La critica, in sostanza, si definisce proprio rispetto a questo lavoro, a questa esperienza. Essa non è mero rispecchiamento servile, oggetto subordinato aggiunto a un oggetto primario.

L’ho presa un po’ alla larga, se questo discorso vuol essere, come dicevo un discorso rapido sulla critica contemporanea in Italia, le sue tendenze, i suoi metodi. Ma forse, poi, non tanto alla larga.     
Spero non vi aspetterete una sfilza di nomi, con il rischio di non riuscire mai esaurienti, e di sentirsi rimproverare: e il tale, il talaltro, perché li hai trascurati?

Mi sembra più interessante, e stimolante, per voi ma anche per me, abbozzare qualcosa su ciò che pensiamo sia oggi la critica: sulla sua natura, il suo funzionamento dentro una certa realtà culturale, dentro un sistema di intelligibilità, in virtù del quale riconosciamo reciprocamente quel che diciamo e ascoltiamo, voi ed io.

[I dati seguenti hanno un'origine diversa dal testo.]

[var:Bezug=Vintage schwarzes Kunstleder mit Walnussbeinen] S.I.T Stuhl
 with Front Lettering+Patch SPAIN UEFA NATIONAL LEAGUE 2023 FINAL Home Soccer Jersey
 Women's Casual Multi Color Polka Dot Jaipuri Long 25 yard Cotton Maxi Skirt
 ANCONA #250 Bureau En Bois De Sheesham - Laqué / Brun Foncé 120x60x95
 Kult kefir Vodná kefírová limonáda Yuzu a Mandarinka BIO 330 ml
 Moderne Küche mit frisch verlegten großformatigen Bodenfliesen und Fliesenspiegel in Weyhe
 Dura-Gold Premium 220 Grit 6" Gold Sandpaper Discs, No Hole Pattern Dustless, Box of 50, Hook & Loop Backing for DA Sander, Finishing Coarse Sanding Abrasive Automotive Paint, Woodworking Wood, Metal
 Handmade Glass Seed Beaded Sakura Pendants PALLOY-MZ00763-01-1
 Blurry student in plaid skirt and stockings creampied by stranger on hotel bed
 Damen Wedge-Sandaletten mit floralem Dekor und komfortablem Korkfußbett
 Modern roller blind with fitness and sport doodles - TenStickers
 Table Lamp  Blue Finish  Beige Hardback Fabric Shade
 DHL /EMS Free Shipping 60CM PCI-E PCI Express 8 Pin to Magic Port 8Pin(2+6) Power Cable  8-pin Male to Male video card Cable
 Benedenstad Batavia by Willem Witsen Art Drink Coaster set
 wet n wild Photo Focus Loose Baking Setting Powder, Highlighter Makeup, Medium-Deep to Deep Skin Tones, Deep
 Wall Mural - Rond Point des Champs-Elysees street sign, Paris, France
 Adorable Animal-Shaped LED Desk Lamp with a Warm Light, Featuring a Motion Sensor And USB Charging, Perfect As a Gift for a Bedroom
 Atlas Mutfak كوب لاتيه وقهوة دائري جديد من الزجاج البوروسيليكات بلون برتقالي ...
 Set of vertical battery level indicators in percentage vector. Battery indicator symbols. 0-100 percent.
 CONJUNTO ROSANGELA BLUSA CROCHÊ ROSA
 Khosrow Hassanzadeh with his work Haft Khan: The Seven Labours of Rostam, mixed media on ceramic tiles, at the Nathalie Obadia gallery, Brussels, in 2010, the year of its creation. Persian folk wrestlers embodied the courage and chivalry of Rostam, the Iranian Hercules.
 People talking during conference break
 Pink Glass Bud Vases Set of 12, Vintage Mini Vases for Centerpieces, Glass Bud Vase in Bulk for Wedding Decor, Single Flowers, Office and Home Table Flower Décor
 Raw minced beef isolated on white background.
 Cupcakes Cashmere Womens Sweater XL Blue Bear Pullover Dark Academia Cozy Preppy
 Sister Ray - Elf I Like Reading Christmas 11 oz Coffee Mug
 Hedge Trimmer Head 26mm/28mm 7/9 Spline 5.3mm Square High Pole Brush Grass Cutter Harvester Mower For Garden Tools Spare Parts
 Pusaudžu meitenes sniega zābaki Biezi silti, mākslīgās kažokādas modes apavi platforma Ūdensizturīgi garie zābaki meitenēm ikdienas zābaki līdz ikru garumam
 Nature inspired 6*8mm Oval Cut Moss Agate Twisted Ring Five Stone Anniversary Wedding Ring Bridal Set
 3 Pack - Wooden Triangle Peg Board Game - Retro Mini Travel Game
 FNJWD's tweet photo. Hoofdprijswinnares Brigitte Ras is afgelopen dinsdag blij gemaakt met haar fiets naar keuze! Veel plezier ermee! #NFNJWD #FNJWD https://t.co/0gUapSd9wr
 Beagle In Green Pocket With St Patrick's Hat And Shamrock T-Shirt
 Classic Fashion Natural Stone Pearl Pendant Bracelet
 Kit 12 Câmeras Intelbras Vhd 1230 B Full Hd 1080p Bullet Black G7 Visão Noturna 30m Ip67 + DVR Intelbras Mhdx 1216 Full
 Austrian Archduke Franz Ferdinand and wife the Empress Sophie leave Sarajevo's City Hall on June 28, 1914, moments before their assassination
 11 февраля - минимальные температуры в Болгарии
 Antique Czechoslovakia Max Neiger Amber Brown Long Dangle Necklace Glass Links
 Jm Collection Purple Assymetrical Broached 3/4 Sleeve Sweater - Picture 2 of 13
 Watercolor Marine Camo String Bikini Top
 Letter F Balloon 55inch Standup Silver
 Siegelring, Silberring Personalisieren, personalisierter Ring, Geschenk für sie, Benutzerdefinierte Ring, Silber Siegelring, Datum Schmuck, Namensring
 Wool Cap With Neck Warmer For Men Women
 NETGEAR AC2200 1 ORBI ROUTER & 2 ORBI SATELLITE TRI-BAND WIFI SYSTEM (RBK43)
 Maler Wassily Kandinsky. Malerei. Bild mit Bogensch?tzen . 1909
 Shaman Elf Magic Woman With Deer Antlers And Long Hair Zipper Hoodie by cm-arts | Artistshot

Più che offrire definizioni perentorie, mi propongo di mostrare un po’ come agisce la critica davanti a un testo. Naturalmente, in questo excursus sarò ragionevolmente parziale, e, perché no, fazioso, e privilegerò ciò che a me pare significativo, insomma ciò che amo e in cui credo.

Questo è essenzialmente fare critica – a dispetto della superstizione che esige dal critico l’indifferenza, la neutralità del dio joyciano, che se ne sta sopra le nubi a curarsi le unghie.

Un ultimo avviso sul modo d’usare questa conversazione e riguarda i limiti temporali, per non perderci. Prenderò come punto di partenza, all’ingrosso, gli anni Sessanta, prestando attenzione a critici e indirizzi venuti fuori e affermatisi in Italia da allora in poi – e quindi non indugerò su personalità cospicue e di differente significato come Carlo Bo, Sergio Solmi, Oreste Macrì, Luciano Anceschi, Giacomo Debenedetti, per fare qualche nome, anche se il loro lavoro è continuato utilmente, a volte acquistando altro slancio dalle nuove proposte della ricerca critica.

Il punto focale, intorno cui si è organizzata la critica nel quarantennio, mi pare sia proprio una determinata posizione di fronte all’opera; dirò meglio: la posizione che il testo letterario è venuto a occupare. In questo senso è innegabile l’importanza della linguistica.

Ma dire linguistica, e dire Ferdinand de Saussure, il grande linguista ginevrino cui si devono enunciati fondamentali come l’arbitrarietà del segno, la distinzione langue/parole, significante/significato eccetera. Dalla linguistica di Saussure escono anche indirizzi di ricerca come lo strutturalismo e la semiotica sicché strutturalismo, semiotica e linguistica sono gli scenari di fondo indispensabili del lavoro dei critici ai quali mi riferirò.

Ma piuttosto che mettere in fila etichette di indirizzi di ricerca, che assomigliano in modo così scoraggiante a farfalle trafitte da uno spillone, meglio vedere in atto, un po’ da vicino e in concreto le forme di questo lavoro.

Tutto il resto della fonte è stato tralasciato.